Example 1 is a device for transfer learning in a machine-learning (ML) model, the device comprising: an interface configured to access media that includes data in a target domain; a memory including instructions; and processing circuitry that, when in operation, is configured by the instructions to: execute a transport process on the data to shift the data towards a source domain and create input data, the transport process including: creating synthetic data based on a portion of the data and a constraint; combining the synthetic data with the data to create interim data; and applying a transformation to the interim data to shift the interim data to the source domain; and invoke a ML model on the input data to obtain a result, the ML model trained on data from the source domain to produce output.
In Example 2, the subject matter of Example 1, wherein the data is sparse in the target domain, the data sampled non-uniformly in the target domain label space including a gap beyond a threshold.
In Example 3, the subject matter of Example 2, wherein the synthetic data fills a portion of the gap in the target domain.
In Example 4, the subject matter of Example 3, wherein the portion of the data is at an edge of the gap, and wherein, to create the synthetic data based on the portion of the data, the processing circuitry is configured to smear the portion of the data to fill the portion of the gap.
In Example 5, the subject matter of any of Examples 1-4, wherein the constraint is a distribution of values.
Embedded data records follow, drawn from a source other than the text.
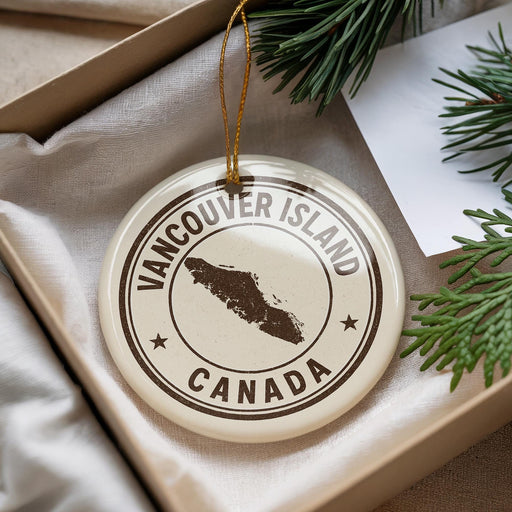 A white ornament with the text "VANCOUVER ISLAND CANADA" printed on it, along with a map of the region, is displayed in a box with pine branches.
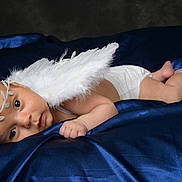 Elyes a rejoint le concours — aidez-le/la à gagner de superbes lots ! angel_wings, baby, blanket, blue_satin, costume, cute, diaper, expression, face, feet, hand, headband, infant, lying_down, newborn, portrait, skin, sleeping_area, soft_lighting, studio
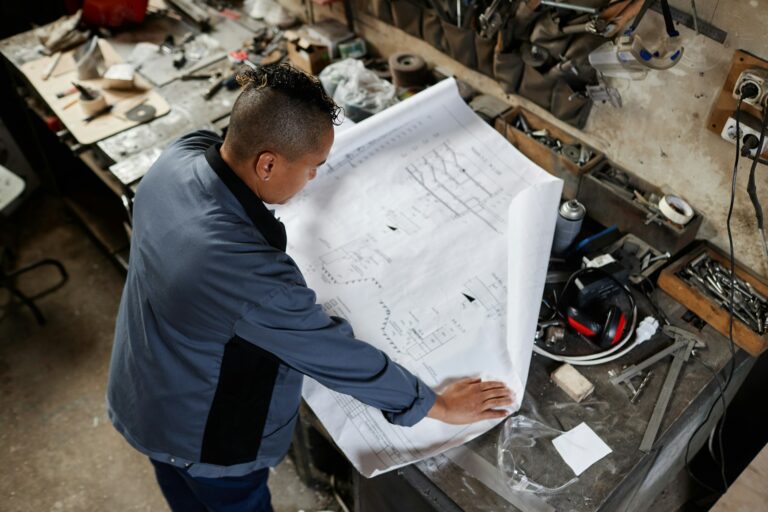 Woman Inspecting Plans At Factory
In Example 6, the subject matter of Example 5, wherein, to create the synthetic data based on the constraint, the processing circuitry is configured to maintain the distribution when creating new values in a dimension of the synthetic data.
In Example 7, the subject matter of any of Examples 1-6, wherein the constraint is a configurable parameter obtained from a configuration or a user interface.
In Example 8, the subject matter of any of Examples 1-7, wherein the transformation is created through training process to map a data point from the target domain to a corresponding data point in the target domain.
In Example 9, the subject matter of Example 8, wherein Sliced Wasserstein Transport (SWT) is used as a loss function in the training process to obtain an optimal transport from the target domain to the source domain.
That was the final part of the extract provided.